7. The conventional method of Western medicine for treating enteroinvasive Escherichia coli infection

  First, treatment

  1. General treatment:Patients with obvious symptoms must rest in bed and follow the disinfection and isolation procedures for intestinal infectious diseases. The diet should consist mainly of liquid foods. After the condition improves, switch to congee, noodles, and other foods. Avoid eating cold, greasy, and刺激性 foods. Those with dehydration should be appropriately rehydrated. For infants with dehydration within the range of 5% to 10% of body weight, the World Health Organization-recommended Oral Rehydration Salt Solution (ORS) can be used, containing 20g of glucose, 3.5g of sodium chloride, 2.5g of sodium bicarbonate, and 1.5g of potassium chloride per liter of water. After being tested in nearly 2000 cases across China, the average effective rate is 96.9%. For those with repeated vomiting or severe dehydration, consider initial intravenous fluid replacement, and as soon as possible, switch to oral rehydration.

  2. Antimicrobial therapy:In recent years, the resistance of EIEC to various drugs and antibiotics has been increasing year by year. Currently, most of the commonly used antibacterial drugs such as sulfonamides, streptomycin, chloramphenicol, and tetracycline are mostly resistant, and the clinical efficacy has correspondingly decreased. Bacteria can show multiple drug resistance. Therefore, for the selection of EIEC antibiotics, it should be based on the results of local drug sensitivity tests of epidemic strains or the culture of patients' feces, in order to avoid indiscriminate misuse. Pay attention to drug rotation within a certain area. The evaluation of the efficacy of antibacterial drugs should mainly be based on the negative conversion rate of stool culture, and the negative conversion rate at the end of treatment should reach above 90%. Commonly used drugs include the following:

  (1) Quinolones: They have the advantages of a broad antibacterial spectrum and easy oral absorption. In recent years, the number of resistant strains has gradually increased, and resistance can also be transmitted through plasmids. For Shigella infection, ciprofloxacin 400-600mg/d is commonly used, taken orally in 2 or 3 doses, for a course of 3-5 days. Other new quinolones are also effective against Shigella infection.

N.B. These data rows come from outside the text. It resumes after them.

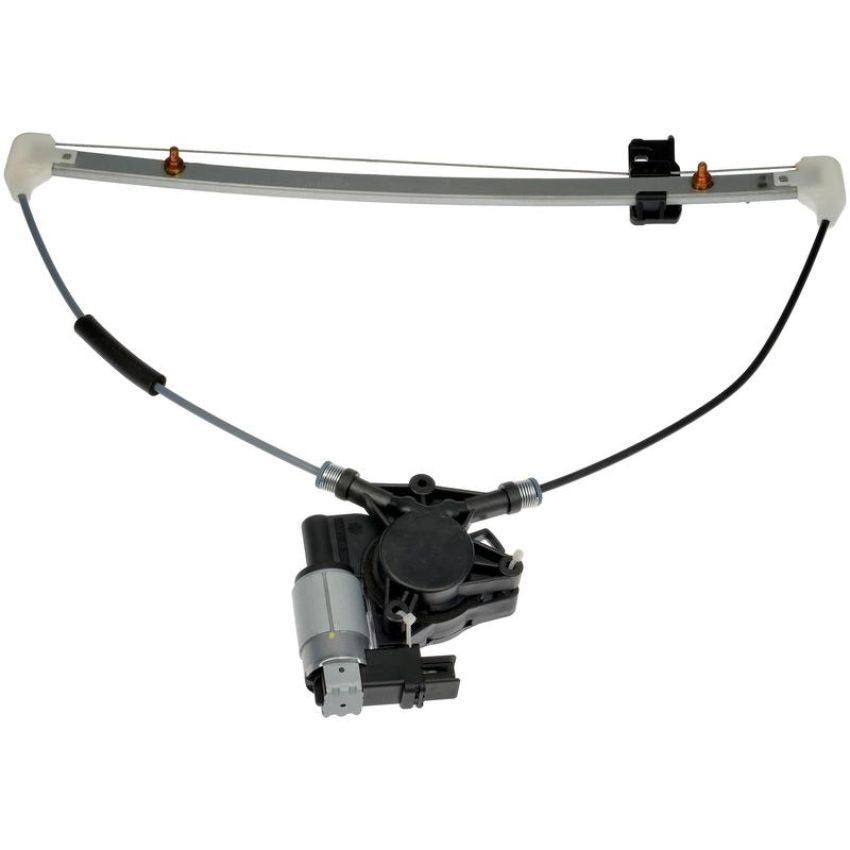 DORMAN 748-126 Power Window Regulator And Motor Assembly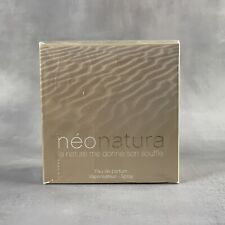 YR YVES ROCHER Néonatura souffle EDP 50ml spray vaporisateur eau de parfum neuf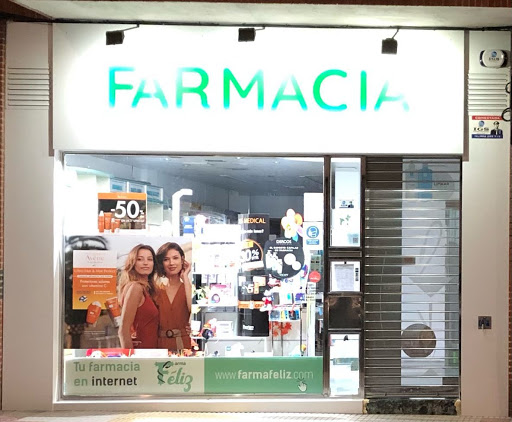 Farmacia Feliz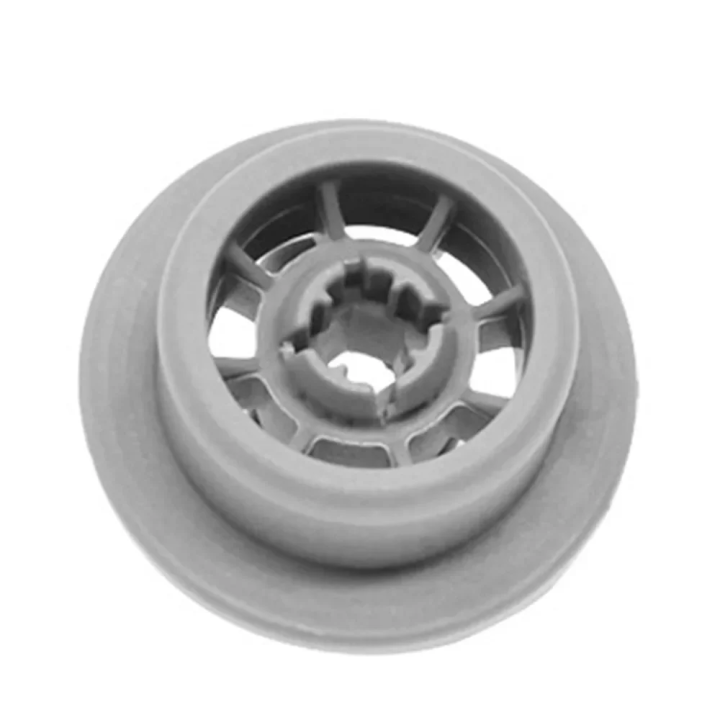 Kit ejes ruedas lavavajillas Bosch Siemens 165314 repuesto | prologyc.es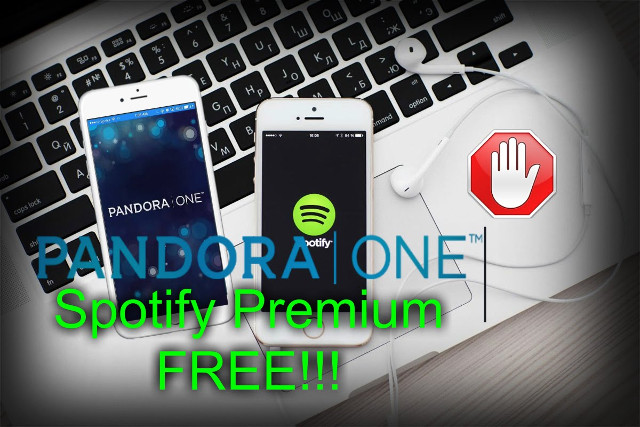 The difference between Spotify Free and Premium is not the true experience Picture 4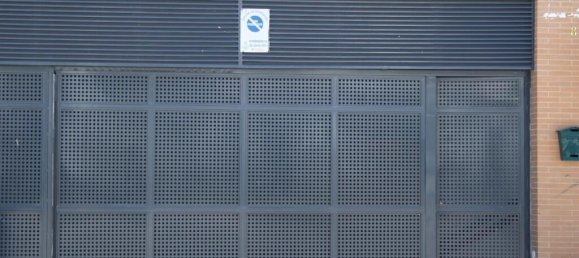 Garage in Huelva, Spain 151m², Nr. 167015 2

  (2) Sulfamethoxazole/trimethoprim (sulfamethoxazole-trimethoprim): The dose is 2 tablets/time, 2 times/d, 7 days as a course of treatment. According to our results, the cure rate can reach above 95%. In recent years, resistance has gradually increased, and the efficacy has shown a decreasing trend. It should be avoided in patients with sulfonamide allergy, leukopenia, and incomplete liver or kidney function.

  (3) Antibiotics: EIEC is mostly resistant to commonly used antibiotics such as chloramphenicol, streptomycin, and ampicillin, and some strains are still relatively sensitive to doxycycline. Most pathogenic bacteria are still relatively sensitive to kanamycin and gentamicin in vitro tests, but they can only be used by injection, and the immediate effect is better. Due to the low concentration of drugs in the intestinal wall tissue, they are not excreted into the intestinal lumen, making it difficult to clear bacteria, easy to relapse, and it is recommended to be used in combination with oral trimethoprim. Studies outside China have shown that cephalosporin antibiotics also have good efficacy against Shigella, and they can also be chosen if necessary.

  3. Traditional Chinese Medicine Treatment:Berberine 0.3g/time, 4 times/d, 7 days as a course of treatment. Alternatively, raw garlic can be taken orally, or Mahuang decoction can be taken orally, or Bai Tou Weng decoction can be taken orally, all of which have certain effects.

  II. Prognosis

  The mortality rate of diarrhea caused by EIEC is relatively high.